- 14.07.2011 00:00
Türkiye “normalleşiyor”. Bu sözü son zamanlarda çokça söylüyoruz. Son “Şike” ve “Deniz Feneri” operasyonlarını da bu “normalleşmenin” yeni işaretleri olarak değerlendiriyoruz.
“Normalleşme” iyi bir şey kuşkusuz. Bir toplumun “normalleşmesi”, o toplumun, o toplumun istediği gibi yönetilir hale gelmesi demek. Yani toplumun taleplerinin yönlendirdiği bir biçimde yönetilmesi...

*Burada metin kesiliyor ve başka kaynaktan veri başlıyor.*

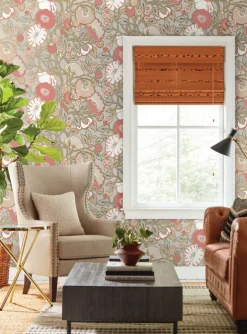 Greenhouse Vincent Poppies Wallpaper - Dove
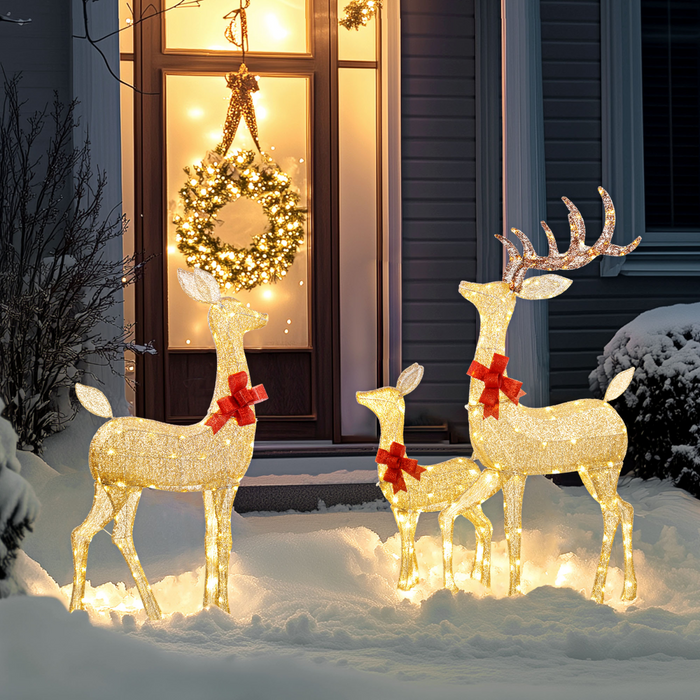 Outsunny 3-Piece Light Up Christmas Deer Family Set of 3 for Lawn Gold Tone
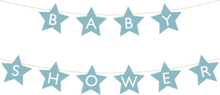 Blå og Hvit Stjerneformet Babyshower Banner 2,9 meter
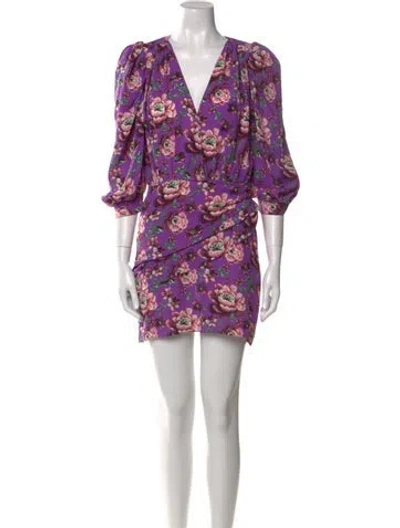 Pre-owned Magda Butrym Silk Mini Dress In Purple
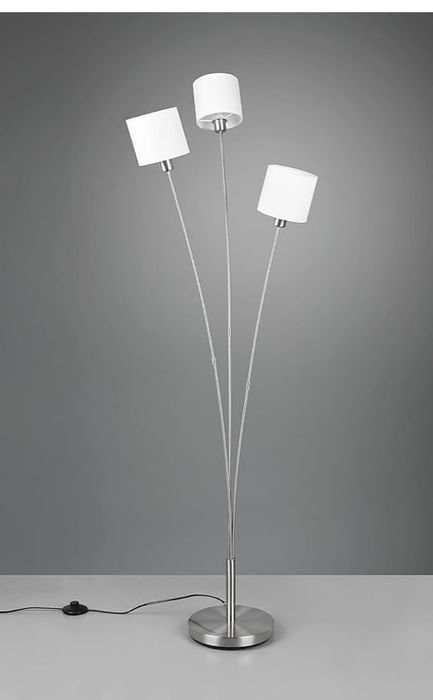 Lampa stojąca z metalu niklowanego matowego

Tabii ki bu gelişmede AKP’nin önemli bir payı var. “Homojen” bir toplum yaratma projesi olan kemalist-devletçi siyasetin geriletilmesinde AKP’nin parti olarak (zaman zaman ikircikli davranışları olmuş olsa da) katkısı büyük.

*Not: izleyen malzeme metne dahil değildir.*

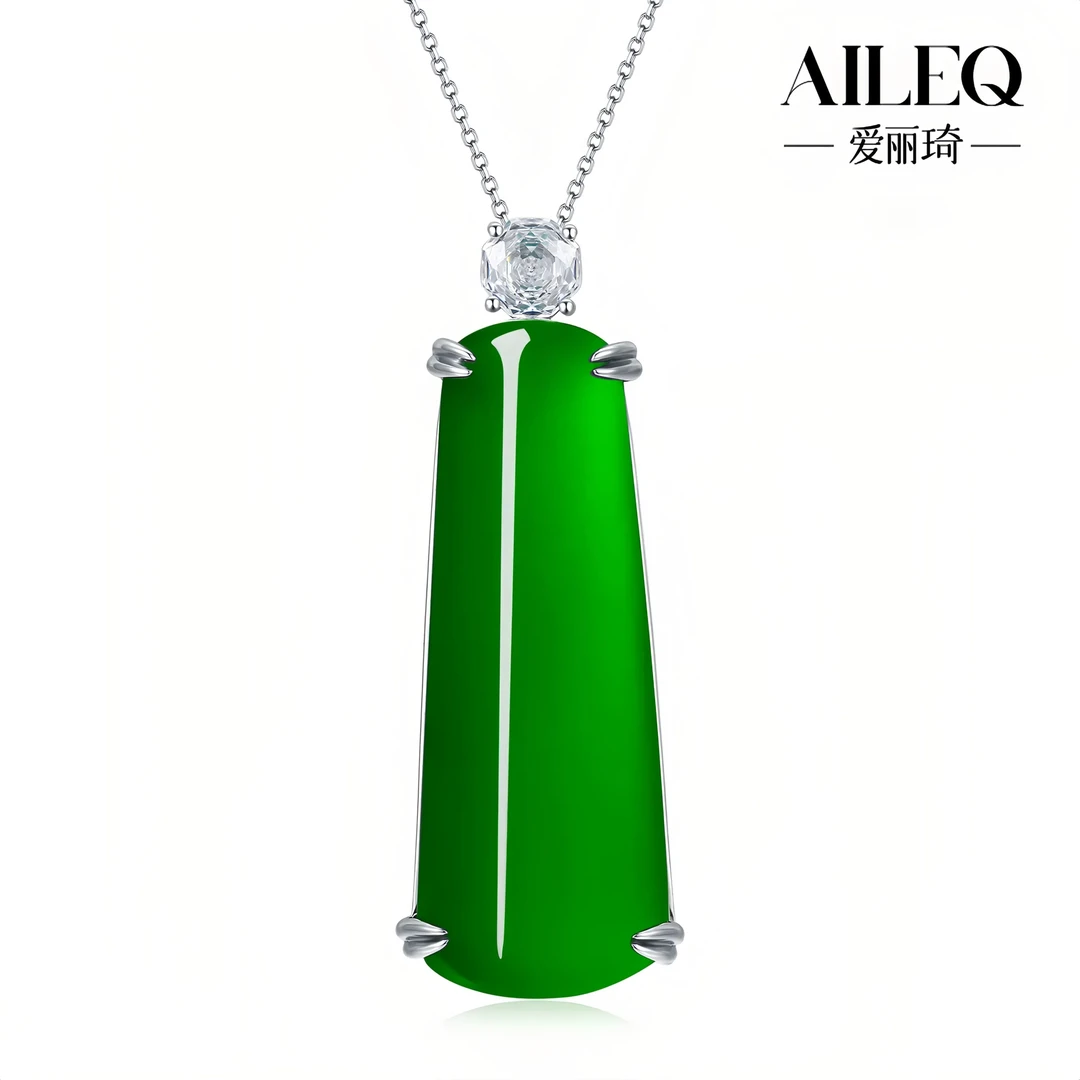 AILEQ925银天然玉髓满绿新品美人条平安无事牌吊坠珠宝欧若风项链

Ama doğrusu bu gelişmenin arkasında Kürt özgürlük hareketinin varlığını da dikkate almak gerekiyor. Her ne kadar AKP siyaseti ile karşı karşıya durmuş olsa da kemalist-devletçi siyasetinin geriletilmesinde onların payı da çok önemli.

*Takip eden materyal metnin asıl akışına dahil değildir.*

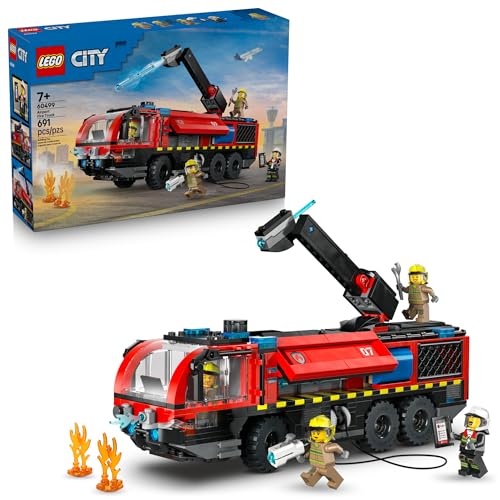 LEGO City Airport Fire Truck Kids Building Toy - Pretend Play Emergency Vehicle for Boys & Girls, Ages 7+ - Fire Engine Toy W/ 4 Firefighter Minifigures - Gift Idea for Birthdays - 60499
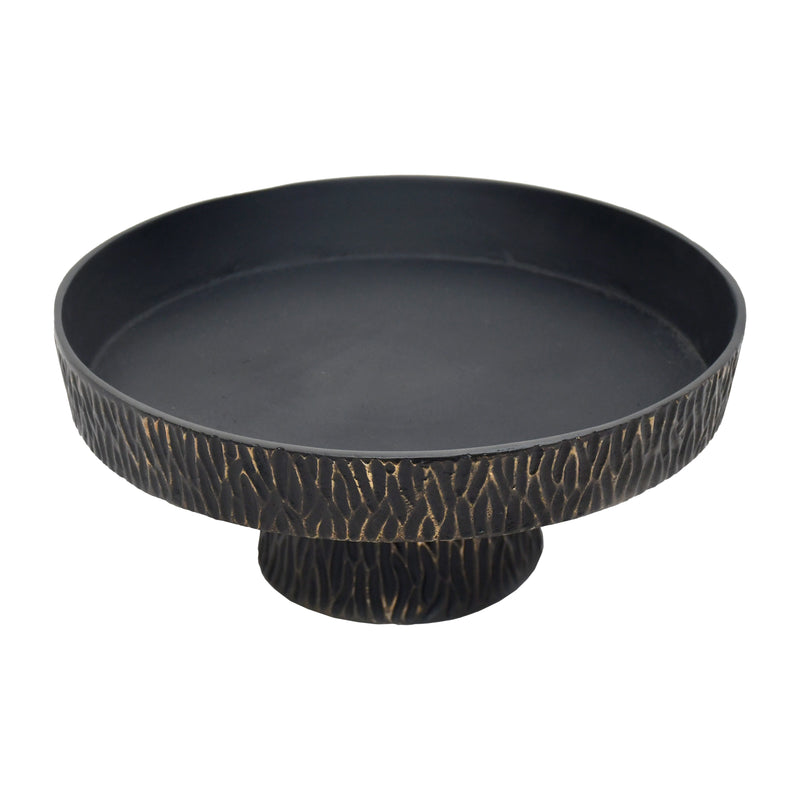 14" Cali Metal Pedestal Tray, Black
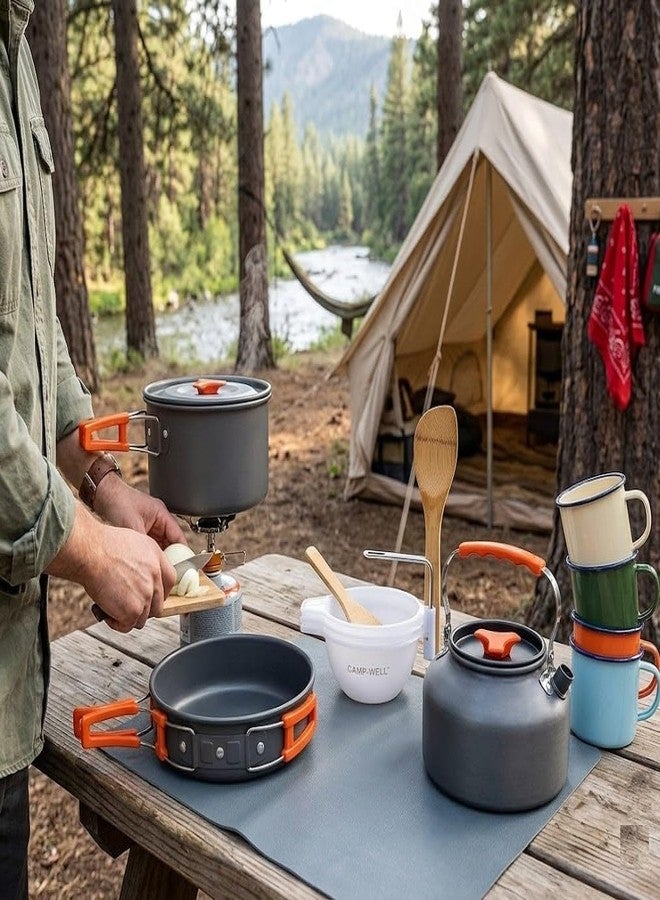 Sakar Outdoor 9 Pcs Camping Cookware Set, Compact Alloy Steel Cooking Kit for Travel, Picnic, Hiking, Road Trips, Survival, Lightweight and Portable Mess Kit - Image 3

Toplumun “normalleşmesi” sürecinde, örgütlülük düzeyleri çok düşük olsa da sol, demokrat ve liberal hareketlerin de etkisi azımsanacak gibi değil. Özellikle “başörtüsü”, “367”, “e-muhtıra” gibi konularda özgürlüklerin yanında durarak çok önemli katkılarda bulundular.
Kısacası toplumun “normalleşmesi” dediğimiz değişim sürecinin müsebbipleri çok çeşitli ise de toplum daha çok AKP’yi gördü ve seçimlerde üçüncü kez onu ödüllendirdi. Geldiğimiz durum bu.
Bütün bu olan bitenleri küresel güçlerin başlattığı Irak Savaşı’nın tetiklediği yeni bir arayışın izleri olarak da okumak mümkün. Yani, Türkiye’nin “normalleşme” sürecine girmesini de Arap coğrafyasına “Baharın” gelmesini de yanıbaşımızda gerçekleşmiş haksız bir savaşın başlattığı yeni ve özgürlükçü bir siyaset arayışı olarak okumaktan sözediyorum.
Bizdeki kemalist-devletçi düzeni değiştirmeye yönelik, Müslümanların, Kürtlerin, solcuların, demokratların ve liberallerin (zaman zaman ayrı gibi dursa da) çabaları da bu, yeni ve özgürlükçü siyaset arayışının bir parçası değil mi?
“Normalleşme” ile genişleyen bu yeni siyaset alanı bütün siyasi partilerin deyim yerindeyse “ezberlerini bozacak”. Artık eski düzenin anlayışlarıyla siyaset üretmenin pek bir kıymeti harbiyesi kalmayacak.
Örneğin bugün AKP için siyaset yapmak dünden daha zor hale gelmiş durumda. Çünkü AKP için artık mağduriyetinin toplum katında sağladığı meşruiyetle gidebilecek yer kalmadı. Bundan böyle toplum onu ne ölçüde adil, demokrat ve eşitlikçi politikalar ürettiğine göre değerlendirecek.
Nitekim, Başbakan’ın milletvekillerinden, “vatandaşla kucaklaşmalarını, şehrin ve hemşerilerin sorunlarıyla hemhal olmalarını” rica etmesi ve “garip gurebayı” bulmalarını, onların “yer sofralarında” birlikte oturmalarını ve “zengin iftarlarına” gitmemelerini önermesi bence AKP açısından önümüzdeki dönemin gelmekte olan zor siyasetinin habercisi.
Şimdi önümüzde, bütün “kimsesizleri”, bütün “sesi olmayanları”, bütün “ötelenmişleri”, bütün “alta kalmışları”, bütün “göçmenleri” ve bütün bu insanların kadim sorunlarını ve bugünkü taleplerini kapsama alanı içine alabilecek geniş bir siyaset alanı var.
Ve doğrusu bu alan öyle yalnızca AKP ile doldurulabilecek bir alan gibi de durmuyor. Sınırları belirgin olmayan, ucu da çok açık olan yeni bir alan bu. İçine neleri dolduracağımız da büyük ölçüde bize bağlı.
Bu yeni alan özünde, demokrat, eşitlikçi ve özgürlükçü bir siyaset için de yeni imkânlar içeriyor. Yeter ki bu değerler üzerinden siyaset yapanlar “toplumun normalleşmesine” uygun olarak kendi siyasetlerini de “normalleştirebilsinler”.